When, after more than 24 hours, it became clear that this tactic was not going to work, a decision was made to attack the courts with infantry, and the crews were given new orders. Two substantial breaches were to be created to allow access for the infantry to the interior of the buildings, one in the west façade of the west pavilion of the Four Courts, and the other in the west façade of the administrative offices of the Public Records Office. With regard to the former, this was no easy task for an inexperienced crew. They had a narrow ‘window’ in which to place their shells: they had to make sure to ‘miss’ a telegraph pole just across the road from where they were firing, and avoid hitting the block which included the Four Courts Hotel, the battle headquarters of the National Army, and which was only metres away across Morgan Place from the west wing. In both cases, the required breaches were made of sufficient size, in the right places, in a short space of time.
On the day after the siege ended an Irish Independent correspondent praised the men operating the guns, stating “…it is a marvel, perhaps without precedent, that an artillery action went on, beginning on Wednesday morning about 4 o’clock, and continuing all through Wednesday, Thursday, and up to noon on Friday in the heart of the city…. without doing any random damage to the persons or property of the citizens…when a large part of the Four Courts had been captured the artillery continued to work with precision and co-operation with the forces that had entered the positions –a feat, the difficulty of which can be realised by those who know the plan of the Four Courts.”

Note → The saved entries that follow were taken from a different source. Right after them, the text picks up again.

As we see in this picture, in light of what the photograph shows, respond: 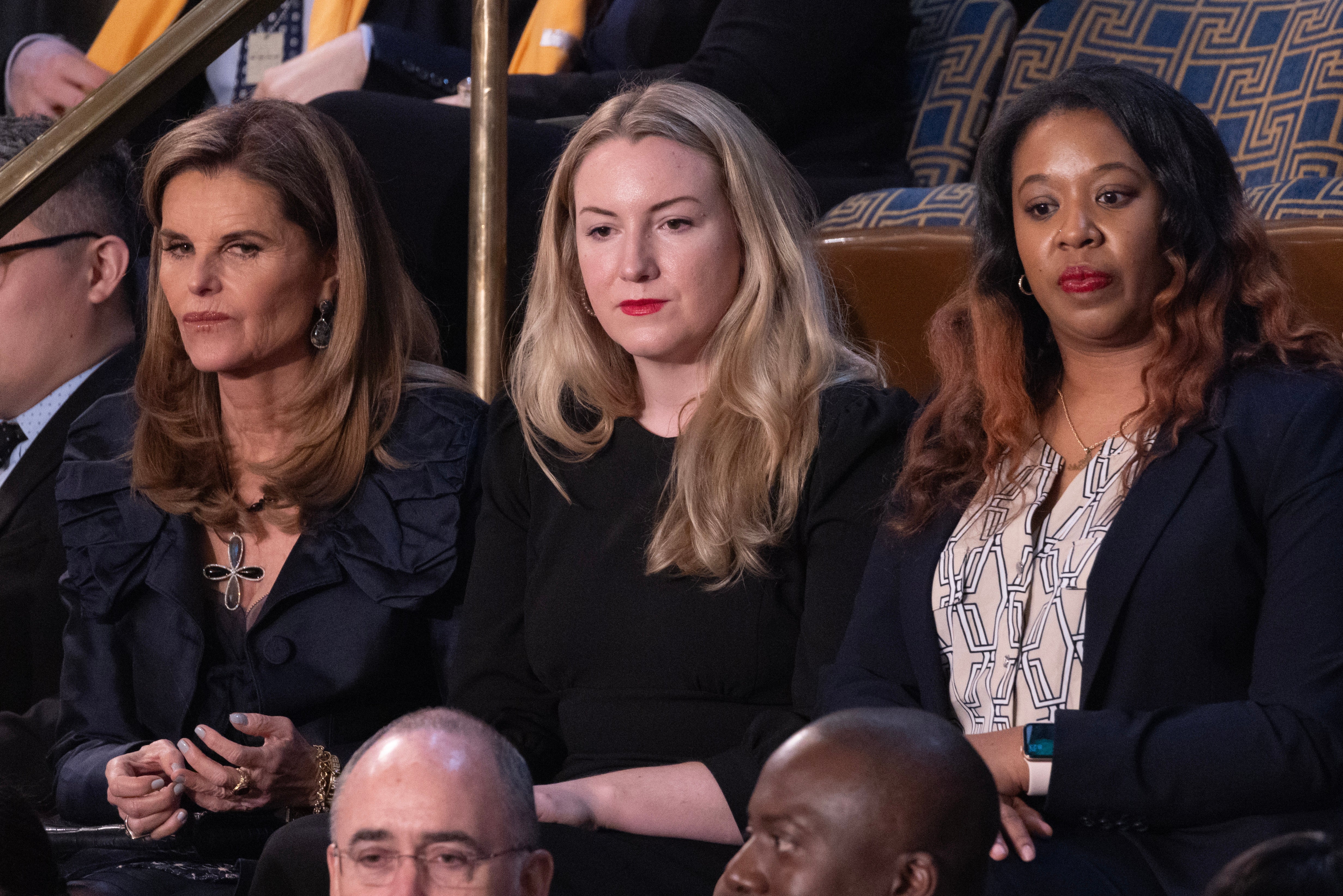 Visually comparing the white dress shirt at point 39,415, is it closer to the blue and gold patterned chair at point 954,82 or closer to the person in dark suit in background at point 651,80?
the person in dark suit in background at point 651,80

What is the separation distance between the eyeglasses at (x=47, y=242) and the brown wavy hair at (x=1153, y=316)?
163 cm

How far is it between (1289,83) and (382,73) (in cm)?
167

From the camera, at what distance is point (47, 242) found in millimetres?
2816

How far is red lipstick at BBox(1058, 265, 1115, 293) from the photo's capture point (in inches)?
68.9

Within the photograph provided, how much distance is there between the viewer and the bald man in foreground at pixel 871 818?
1248 millimetres

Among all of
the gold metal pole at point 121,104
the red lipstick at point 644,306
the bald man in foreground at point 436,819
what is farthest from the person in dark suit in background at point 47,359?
the bald man in foreground at point 436,819

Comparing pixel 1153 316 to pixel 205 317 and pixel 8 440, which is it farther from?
pixel 8 440

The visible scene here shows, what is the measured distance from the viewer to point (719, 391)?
2.00m

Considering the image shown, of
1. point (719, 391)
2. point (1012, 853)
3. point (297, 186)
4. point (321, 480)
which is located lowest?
point (1012, 853)

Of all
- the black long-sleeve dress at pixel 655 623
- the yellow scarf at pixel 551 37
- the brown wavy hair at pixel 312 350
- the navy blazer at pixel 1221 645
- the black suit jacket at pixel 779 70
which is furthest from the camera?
the yellow scarf at pixel 551 37

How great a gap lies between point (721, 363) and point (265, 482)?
757 mm

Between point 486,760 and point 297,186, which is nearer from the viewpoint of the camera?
point 486,760

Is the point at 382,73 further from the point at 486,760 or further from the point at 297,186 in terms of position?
the point at 486,760

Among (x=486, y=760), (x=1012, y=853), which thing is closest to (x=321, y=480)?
(x=486, y=760)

I am not an historian, but the many inaccuracies I came across in accounts that I had read about the critical first hours of this major event in Irish history encouraged me to attempt to clarify the facts of the matter, even at this late stage, nearly 100 years later. The result, after nearly five years of fascinating forensic investigations using contemporary technical information, photographs, reports and digital models, is The Battle of the Four Courts: The First Three Days of the Irish Civil War, which has just been published by Head of Zeus.